If their names didn't give it away, ghost sharks are very strange creatures. A new study reveals just how strange. The fish grow teeth out of the top of their heads.
Ghost sharks are green with glowing skin and eyes and measure around two feet. Some people call them ratfish. But a new study reveals a new characteristic previously unknown. The ghost sharks have teeth growing out of their foreheads. They have an appendage called a tenaculum, which has little teeth.
Rather than be used for eating, the teeth help the males grasp onto females during mating, according to a study published in the Proceedings of the National Academy of Sciences.
Ghost Sharks
"This insane, absolutely spectacular feature flips the long-standing assumption in evolutionary biology that teeth are strictly oral structures," Karly Cohen, a researcher at the University of Washington's Friday Harbor Labs, told BBC. "The tenaculum is a developmental relic, not a bizarre one-off, and the first clear example of a toothed structure outside the jaw."
Meanwhile, Dr.
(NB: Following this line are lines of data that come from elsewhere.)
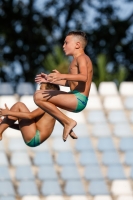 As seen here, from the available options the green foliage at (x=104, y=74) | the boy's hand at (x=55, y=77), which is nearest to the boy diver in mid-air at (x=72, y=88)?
the boy's hand at (x=55, y=77)

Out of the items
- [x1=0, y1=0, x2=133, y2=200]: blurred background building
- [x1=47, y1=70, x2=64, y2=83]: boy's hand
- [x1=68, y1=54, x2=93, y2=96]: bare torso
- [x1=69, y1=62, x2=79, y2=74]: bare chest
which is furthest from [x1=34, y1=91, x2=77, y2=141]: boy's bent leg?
[x1=0, y1=0, x2=133, y2=200]: blurred background building

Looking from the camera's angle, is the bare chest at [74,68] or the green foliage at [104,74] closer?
the bare chest at [74,68]

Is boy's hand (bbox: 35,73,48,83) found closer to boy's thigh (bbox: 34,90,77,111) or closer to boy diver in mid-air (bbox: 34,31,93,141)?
boy diver in mid-air (bbox: 34,31,93,141)

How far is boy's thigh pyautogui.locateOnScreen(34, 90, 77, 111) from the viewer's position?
301 inches

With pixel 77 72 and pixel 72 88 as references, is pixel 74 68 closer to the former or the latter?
pixel 77 72

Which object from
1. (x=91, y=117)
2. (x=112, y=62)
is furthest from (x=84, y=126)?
(x=112, y=62)

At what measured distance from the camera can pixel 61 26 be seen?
21.5m

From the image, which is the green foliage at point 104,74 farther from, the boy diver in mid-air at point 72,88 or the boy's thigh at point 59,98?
the boy's thigh at point 59,98

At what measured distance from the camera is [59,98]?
25.1 feet

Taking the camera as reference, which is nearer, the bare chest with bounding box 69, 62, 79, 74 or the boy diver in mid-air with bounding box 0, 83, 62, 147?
the bare chest with bounding box 69, 62, 79, 74

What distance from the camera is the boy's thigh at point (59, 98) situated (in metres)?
7.64

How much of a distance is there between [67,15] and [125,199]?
31.5 ft

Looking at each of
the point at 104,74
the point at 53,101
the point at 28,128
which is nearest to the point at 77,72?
the point at 53,101

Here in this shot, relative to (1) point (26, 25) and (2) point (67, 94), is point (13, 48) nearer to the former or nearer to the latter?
(1) point (26, 25) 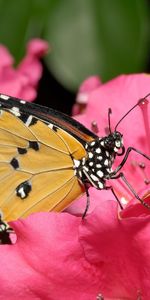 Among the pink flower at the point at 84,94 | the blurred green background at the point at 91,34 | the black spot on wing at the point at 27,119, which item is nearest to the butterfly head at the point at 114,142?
the black spot on wing at the point at 27,119

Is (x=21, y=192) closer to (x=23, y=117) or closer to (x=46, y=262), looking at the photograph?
(x=23, y=117)

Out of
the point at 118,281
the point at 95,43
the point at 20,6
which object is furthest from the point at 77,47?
the point at 118,281

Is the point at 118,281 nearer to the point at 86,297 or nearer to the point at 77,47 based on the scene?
the point at 86,297

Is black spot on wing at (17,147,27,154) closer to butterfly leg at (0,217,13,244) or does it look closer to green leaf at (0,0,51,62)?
butterfly leg at (0,217,13,244)

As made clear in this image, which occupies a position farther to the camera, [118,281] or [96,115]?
[96,115]

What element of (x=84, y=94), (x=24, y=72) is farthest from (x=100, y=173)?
(x=24, y=72)

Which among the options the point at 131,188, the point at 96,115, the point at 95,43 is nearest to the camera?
the point at 131,188

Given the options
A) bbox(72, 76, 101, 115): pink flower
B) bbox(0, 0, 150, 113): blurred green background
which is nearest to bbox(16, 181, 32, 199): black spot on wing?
bbox(72, 76, 101, 115): pink flower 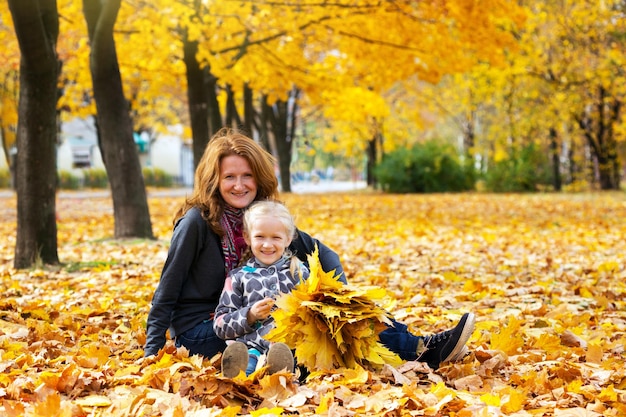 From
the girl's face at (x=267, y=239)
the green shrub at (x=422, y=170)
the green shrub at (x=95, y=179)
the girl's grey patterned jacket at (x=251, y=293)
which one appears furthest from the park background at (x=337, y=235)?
the green shrub at (x=95, y=179)

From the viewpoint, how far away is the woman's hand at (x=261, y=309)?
3.89m

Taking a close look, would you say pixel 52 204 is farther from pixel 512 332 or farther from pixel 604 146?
pixel 604 146

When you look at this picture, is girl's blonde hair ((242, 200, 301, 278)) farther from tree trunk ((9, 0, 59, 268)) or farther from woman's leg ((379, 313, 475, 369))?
tree trunk ((9, 0, 59, 268))

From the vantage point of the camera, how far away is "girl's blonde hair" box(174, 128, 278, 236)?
14.6ft

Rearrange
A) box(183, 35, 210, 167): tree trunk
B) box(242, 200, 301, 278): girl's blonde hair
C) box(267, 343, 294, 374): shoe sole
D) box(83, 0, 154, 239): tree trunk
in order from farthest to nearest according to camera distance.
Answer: box(183, 35, 210, 167): tree trunk < box(83, 0, 154, 239): tree trunk < box(242, 200, 301, 278): girl's blonde hair < box(267, 343, 294, 374): shoe sole

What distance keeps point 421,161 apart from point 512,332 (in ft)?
82.5

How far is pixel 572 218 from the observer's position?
15.2 m

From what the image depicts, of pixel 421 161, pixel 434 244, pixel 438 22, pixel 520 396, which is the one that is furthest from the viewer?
pixel 421 161

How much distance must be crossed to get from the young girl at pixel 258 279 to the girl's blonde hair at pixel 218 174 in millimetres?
303

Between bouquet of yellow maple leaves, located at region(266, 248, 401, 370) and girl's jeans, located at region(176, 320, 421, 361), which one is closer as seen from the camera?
bouquet of yellow maple leaves, located at region(266, 248, 401, 370)

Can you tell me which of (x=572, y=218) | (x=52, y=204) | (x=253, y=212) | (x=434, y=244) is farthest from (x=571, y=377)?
(x=572, y=218)

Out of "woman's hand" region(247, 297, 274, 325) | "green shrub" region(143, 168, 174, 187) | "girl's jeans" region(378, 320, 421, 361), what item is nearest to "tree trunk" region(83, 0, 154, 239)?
"woman's hand" region(247, 297, 274, 325)

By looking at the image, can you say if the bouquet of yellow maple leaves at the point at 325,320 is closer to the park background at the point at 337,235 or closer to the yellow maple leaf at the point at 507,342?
the park background at the point at 337,235

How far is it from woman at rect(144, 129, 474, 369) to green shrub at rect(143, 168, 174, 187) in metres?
43.9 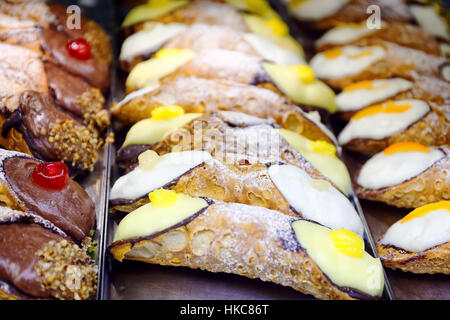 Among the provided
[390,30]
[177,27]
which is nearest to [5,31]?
[177,27]

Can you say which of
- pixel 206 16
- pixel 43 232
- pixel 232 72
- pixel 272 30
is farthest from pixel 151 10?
pixel 43 232

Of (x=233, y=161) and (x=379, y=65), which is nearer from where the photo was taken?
(x=233, y=161)

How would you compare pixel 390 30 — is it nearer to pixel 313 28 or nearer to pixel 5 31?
pixel 313 28

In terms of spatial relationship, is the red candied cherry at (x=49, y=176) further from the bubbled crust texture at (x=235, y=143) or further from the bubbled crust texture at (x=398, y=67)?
the bubbled crust texture at (x=398, y=67)

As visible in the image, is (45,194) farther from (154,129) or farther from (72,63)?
(72,63)

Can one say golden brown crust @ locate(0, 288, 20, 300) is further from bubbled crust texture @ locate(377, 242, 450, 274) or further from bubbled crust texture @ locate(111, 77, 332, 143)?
bubbled crust texture @ locate(377, 242, 450, 274) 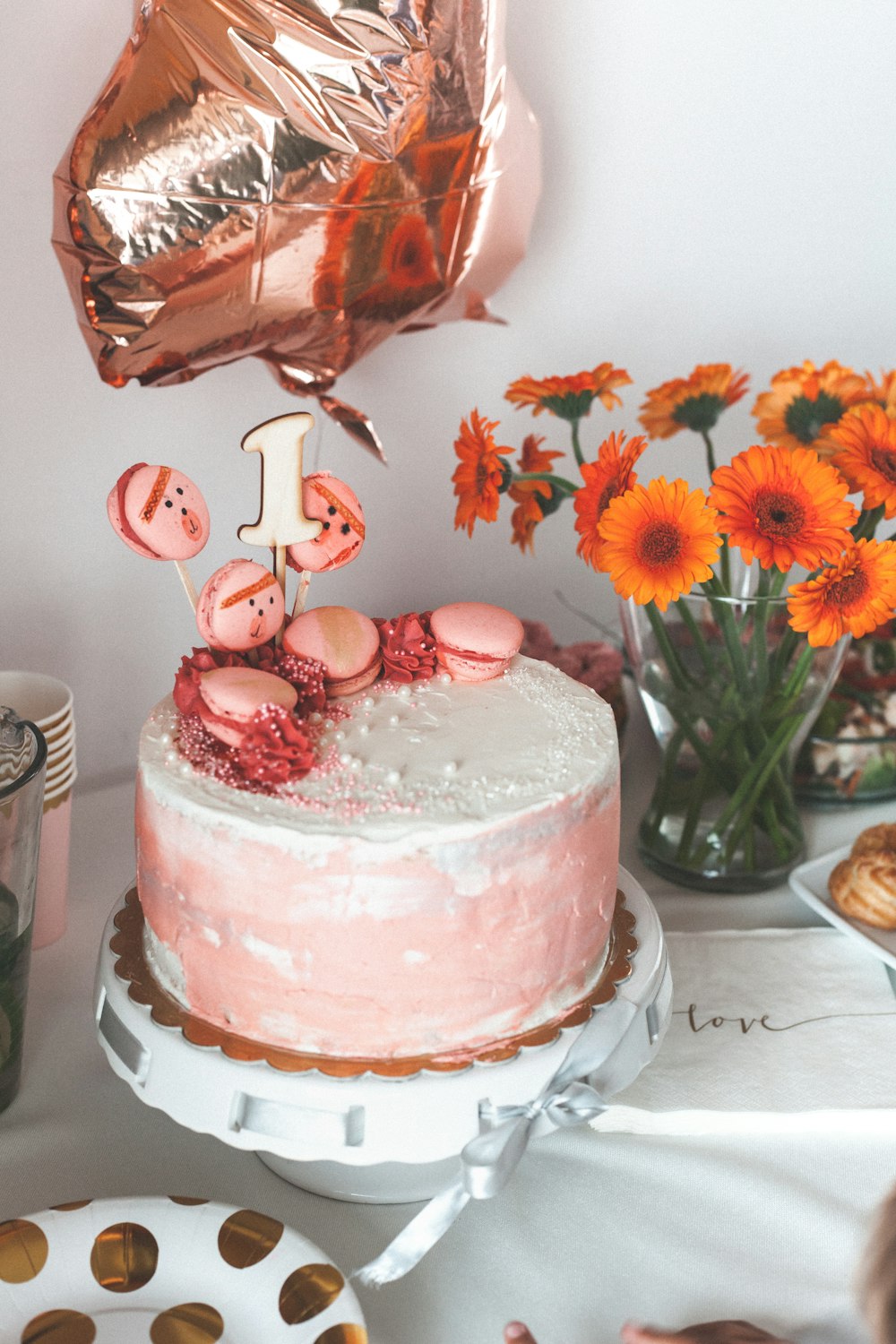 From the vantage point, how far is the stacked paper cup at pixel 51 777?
78cm

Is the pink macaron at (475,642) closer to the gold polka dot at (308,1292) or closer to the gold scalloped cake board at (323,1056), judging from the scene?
the gold scalloped cake board at (323,1056)

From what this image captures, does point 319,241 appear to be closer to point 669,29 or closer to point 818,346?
point 669,29

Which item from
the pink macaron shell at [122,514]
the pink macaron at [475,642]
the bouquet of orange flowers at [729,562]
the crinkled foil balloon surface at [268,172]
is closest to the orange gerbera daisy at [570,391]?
the bouquet of orange flowers at [729,562]

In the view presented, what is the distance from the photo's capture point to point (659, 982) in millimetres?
658

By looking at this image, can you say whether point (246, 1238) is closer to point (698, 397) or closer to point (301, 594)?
point (301, 594)

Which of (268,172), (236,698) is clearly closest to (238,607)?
(236,698)

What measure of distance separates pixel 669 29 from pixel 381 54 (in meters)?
0.44

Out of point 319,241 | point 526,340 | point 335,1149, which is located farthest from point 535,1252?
point 526,340

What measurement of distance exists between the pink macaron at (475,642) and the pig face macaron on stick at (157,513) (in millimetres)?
146

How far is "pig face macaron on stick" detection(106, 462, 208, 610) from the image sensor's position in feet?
1.97

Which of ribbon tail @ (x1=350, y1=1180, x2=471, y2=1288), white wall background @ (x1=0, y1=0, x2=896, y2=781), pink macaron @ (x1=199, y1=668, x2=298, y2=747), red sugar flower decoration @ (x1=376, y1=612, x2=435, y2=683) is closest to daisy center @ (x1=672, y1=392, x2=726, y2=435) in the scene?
white wall background @ (x1=0, y1=0, x2=896, y2=781)

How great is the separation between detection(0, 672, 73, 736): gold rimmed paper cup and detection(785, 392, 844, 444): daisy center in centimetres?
54

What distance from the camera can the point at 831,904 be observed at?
0.87 metres

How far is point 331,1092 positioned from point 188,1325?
4.8 inches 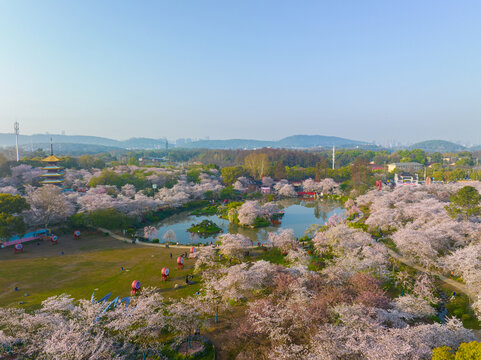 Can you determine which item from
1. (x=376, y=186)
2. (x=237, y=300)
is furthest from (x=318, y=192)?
(x=237, y=300)

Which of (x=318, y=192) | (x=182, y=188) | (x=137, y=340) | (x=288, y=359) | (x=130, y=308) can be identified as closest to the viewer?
(x=288, y=359)

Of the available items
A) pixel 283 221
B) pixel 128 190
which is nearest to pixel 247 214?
pixel 283 221

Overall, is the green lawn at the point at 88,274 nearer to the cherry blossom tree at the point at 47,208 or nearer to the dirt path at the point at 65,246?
the dirt path at the point at 65,246

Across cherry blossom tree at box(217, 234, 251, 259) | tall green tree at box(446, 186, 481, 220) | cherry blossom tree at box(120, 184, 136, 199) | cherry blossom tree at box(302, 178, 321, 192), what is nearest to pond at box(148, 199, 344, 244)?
cherry blossom tree at box(302, 178, 321, 192)

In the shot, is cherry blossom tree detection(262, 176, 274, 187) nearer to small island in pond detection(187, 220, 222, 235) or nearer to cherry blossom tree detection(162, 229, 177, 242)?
small island in pond detection(187, 220, 222, 235)

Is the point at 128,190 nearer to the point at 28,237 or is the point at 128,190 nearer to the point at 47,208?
the point at 47,208

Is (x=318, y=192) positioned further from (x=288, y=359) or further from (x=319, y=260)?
(x=288, y=359)
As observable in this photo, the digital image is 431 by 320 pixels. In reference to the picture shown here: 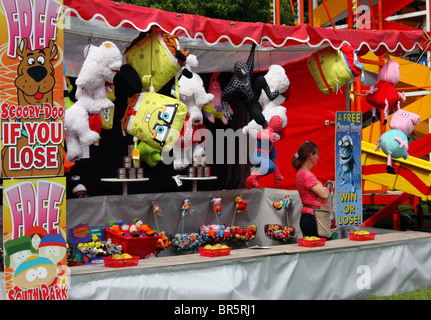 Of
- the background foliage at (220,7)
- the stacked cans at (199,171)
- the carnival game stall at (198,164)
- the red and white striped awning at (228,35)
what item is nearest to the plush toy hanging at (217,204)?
the carnival game stall at (198,164)

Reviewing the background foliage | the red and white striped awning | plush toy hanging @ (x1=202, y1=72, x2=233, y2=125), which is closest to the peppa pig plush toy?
the red and white striped awning

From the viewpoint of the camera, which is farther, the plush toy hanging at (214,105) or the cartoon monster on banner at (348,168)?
the plush toy hanging at (214,105)

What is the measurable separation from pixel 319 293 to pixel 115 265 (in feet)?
6.19

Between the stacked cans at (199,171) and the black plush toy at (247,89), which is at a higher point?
the black plush toy at (247,89)

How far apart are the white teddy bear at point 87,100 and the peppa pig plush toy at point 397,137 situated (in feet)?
9.68

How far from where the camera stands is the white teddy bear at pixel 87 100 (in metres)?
5.43

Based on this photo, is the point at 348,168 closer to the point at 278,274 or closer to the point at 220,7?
the point at 278,274

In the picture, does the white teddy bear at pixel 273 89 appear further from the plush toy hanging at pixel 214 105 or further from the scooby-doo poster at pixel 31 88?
the scooby-doo poster at pixel 31 88

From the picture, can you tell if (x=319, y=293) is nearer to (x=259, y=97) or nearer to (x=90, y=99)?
(x=259, y=97)

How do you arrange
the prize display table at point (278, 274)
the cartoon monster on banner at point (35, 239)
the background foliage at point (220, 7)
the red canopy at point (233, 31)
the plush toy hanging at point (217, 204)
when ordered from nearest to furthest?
1. the cartoon monster on banner at point (35, 239)
2. the prize display table at point (278, 274)
3. the red canopy at point (233, 31)
4. the plush toy hanging at point (217, 204)
5. the background foliage at point (220, 7)

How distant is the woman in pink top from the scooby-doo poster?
276 cm

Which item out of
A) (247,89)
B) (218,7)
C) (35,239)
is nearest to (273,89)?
(247,89)

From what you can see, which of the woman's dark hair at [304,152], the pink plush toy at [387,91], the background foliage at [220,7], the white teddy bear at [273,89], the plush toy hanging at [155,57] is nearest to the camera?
the plush toy hanging at [155,57]

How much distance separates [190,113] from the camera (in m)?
6.68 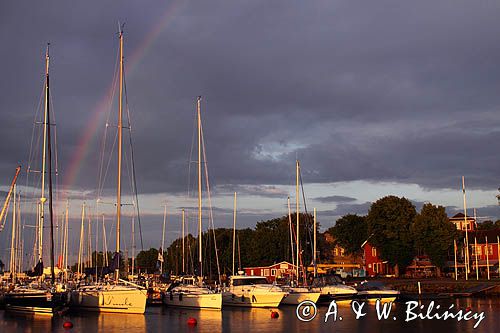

Gareth Fraser and the group studied ghost sharks to confirm that they were indeed teeth.
"The rows of teeth are all organized in a very similar way in this conveyor belt of teeth that we see in sharks," Fraser, an evolutionary biologist at the University of Florida, said.
There are still a lot of questions regarding the forehead structure. But researchers can help narrow down some things. For instance, the structure shows vertebrates can grow teeth outside of an oral cavity.
"We haven't seen anything like this anywhere else in the animal kingdom, period," Fraser said.
In order to complete the study, researchers performed molar tests on the ghost sharks. They determined the structures were very similar to the teeth found inside their own mouths. Further research showed that the animals use the structures for mating purposes.